Best way to ensure user calls methods in correct order?

Thomas Nyberg

unread,

Jun 22, 2017, 10:03:15 AM6/22/17

to

Hello,

I have a situation in which I want a user to call methods in a certain
order and to force the re-calling of methods "down-stream" if upstream
methods are called again. An example of this sort of thing would be a
pipeline where calling methods again invalidates the results of methods
called afterwards and you'd like to warn the user of that.

Here is a very simplified example:

ordered_consistency.py
-----------------------------------------------
class ConsistencyError(Exception):
pass

class C:
def __init__(self):
self._a_dirty = self._b_dirty = self._c_dirty = True

def a(self):
self._a_dirty = self._b_dirty = self._c_dirty = True
print("Calling a()...")
self._a_dirty = False

def b(self):
if self._a_dirty:
raise ConsistencyError("Re-run a() before calling b()!")
self._b_dirty = self._c_dirty = True
print("Calling b()...")
self._b_dirty = False

def c(self):
if self._b_dirty:
raise ConsistencyError("Re-run b() before calling c()!")
self._c_dirty = True
print("Calling c()...")
self._c_dirty = False

def d(self):
if self._c_dirty:
raise ConsistencyError("Re-run c() before calling d()!")
print("Calling d()...")

c = C()
# This is fine:
c.a()
c.b()
c.c()
c.d()
# This is also fine (with same class instantiation!)
c.c()
c.d()
# This throws an error:
c.b()
c.d()
-----------------------------------------------

Here's what you get when calling it:
-----------------------------------------------
$ python3 ordered_methods.py
Calling a()...
Calling b()...
Calling c()...
Calling d()...
Calling c()...
Calling d()...
Calling b()...
Traceback (most recent call last):
File "ordered_methods.py", line 43, in <module>
c.d()
File "ordered_methods.py", line 29, in d
raise ConsistencyError("Re-run c() before calling d()!")
__main__.ConsistencyError: Re-run c() before calling d()!
-----------------------------------------------

My solution seems to work, but has a large amount of repetition and
errors will certainly be introduced the first time anything is changed.
I have the following questions:

1) Most importantly, am I being stupid?
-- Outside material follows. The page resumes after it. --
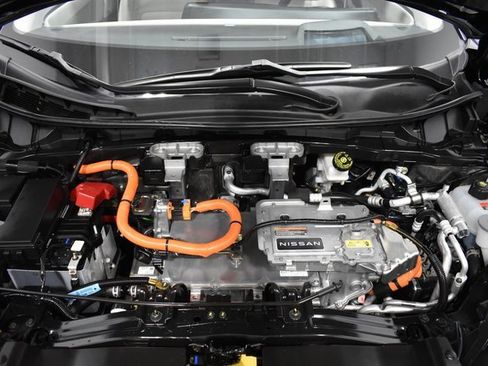 Certified 2023 Nissan Ariya AWD image 35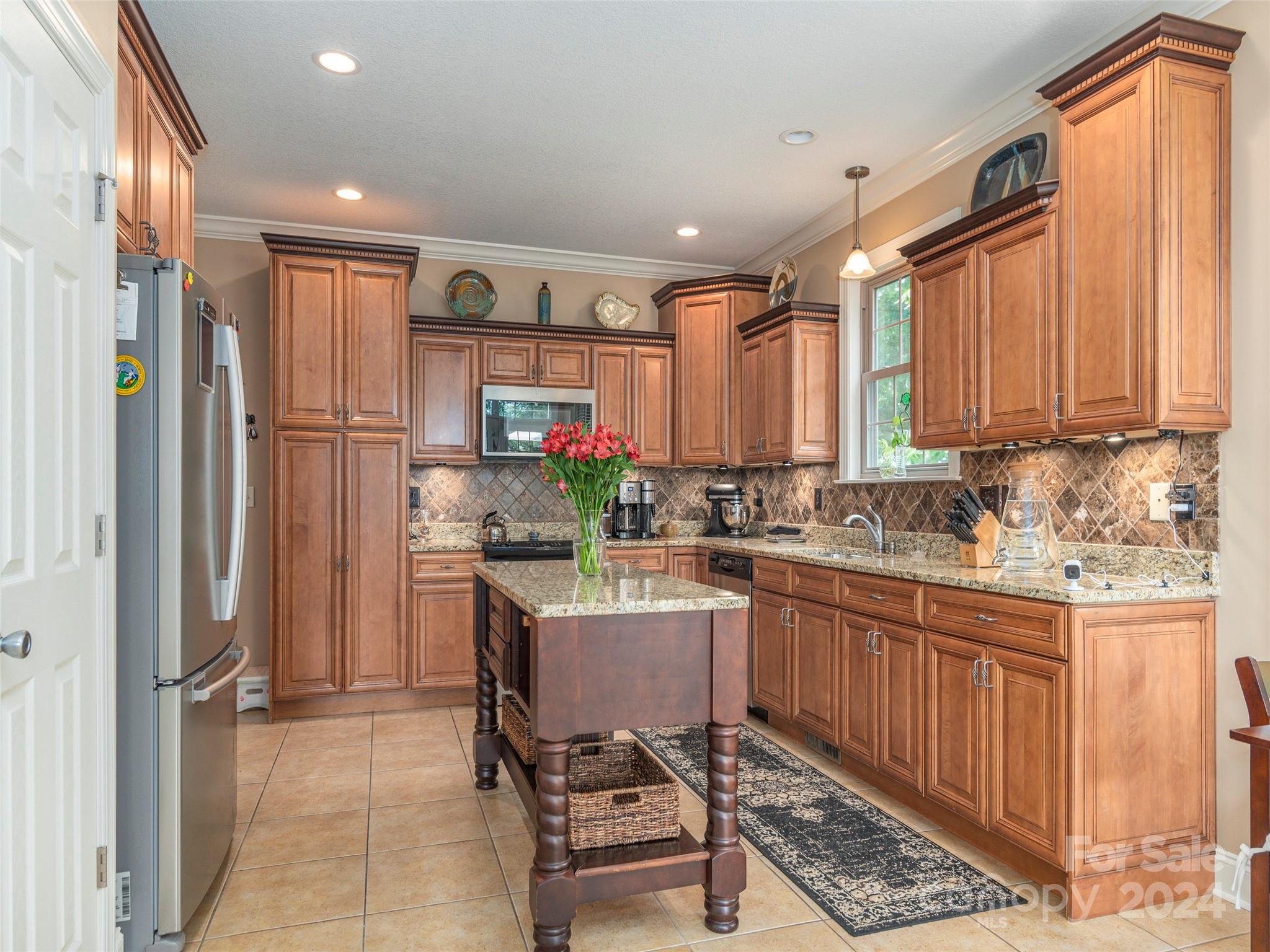 Ledgestone - Residential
I.e. is there some obviously
better way to handle this sort of thing?
2) Is there an out of the box solution somewhere that enforces this
that I've never seen before?
3) If not, can anyone here see some sort of more obvious way to do this
without all the repetition in dirty bits, error messages, etc.?

I presume a decorator could be used to do some sort of "order
registration", but I figure I might as well ask before I re-invent a
hexagonal wheel. Thanks a lot for any help!

Cheers,
Thomas

Peter Otten

unread,

Jun 22, 2017, 10:31:42 AM6/22/17

to

If the order is linear like it seems to be the following might work:

$ cat inorder.py
import itertools

class ConsistencyError(Exception):
pass

class InOrder:
def __init__(self):
self.indices = itertools.count(1)

def __call__(self, method):
index = next(self.indices)

def wrapper(self, *args, **kw):
print("index", index, "state", self.state)
if index - self.state > 1:
raise ConsistencyError
result = method(self, *args, **kw)
self.state = index
return result

return wrapper

class C:
def __init__(self):
self.state = 0

inorder = InOrder()

@inorder
def a(self):
print("Calling a()...")

@inorder
def b(self):
print("Calling b()...")

@inorder
def c(self):
print("Calling c()...")

@inorder
def d(self):
print("Calling d()...")
$ python3 -i inorder.py
>>>
>>> c = C()
>>> c.a()
index 1 state 0
Calling a()...
>>> c.b()
index 2 state 1
Calling b()...
>>> c.a()
index 1 state 2
Calling a()...
>>> c.c()
index 3 state 1

Traceback (most recent call last):

File "<stdin>", line 1, in <module>
File "inorder.py", line 18, in wrapper
raise ConsistencyError
__main__.ConsistencyError
>>> c.b()
index 2 state 1
Calling b()...
>>> c.c()
index 3 state 2
Calling c()...

Steve D'Aprano

unread,

Jun 22, 2017, 10:40:29 AM6/22/17

to

On Thu, 22 Jun 2017 11:53 pm, Thomas Nyberg wrote:

> I have a situation in which I want a user to call methods in a certain
> order and to force the re-calling of methods "down-stream" if upstream
> methods are called again.

Don't do that. It's fragile and an anti-pattern. Your methods have too much
coupling. If c() relies on b() being called first, then either b() or c()
aren't good methods. They don't do enough:

- calling b() alone doesn't do enough, so you have to call c() next to get the
job done;

- calling c() alone doesn't do enough, because it relies on b() being called
first.

There are a very few exceptions to this rule of thumb, such as opening
connections to databases or files or similar. They are mostly enshrined from
long practice, or justified by low-level APIs (that's how file systems and
databases work, and it's not practical to change that). But you should try very
hard to avoid creating new examples.

Of course, I'm talking about your *public* methods. Private methods can be a bit
more restrictive, since it's only *you* who suffers if you do it wrong.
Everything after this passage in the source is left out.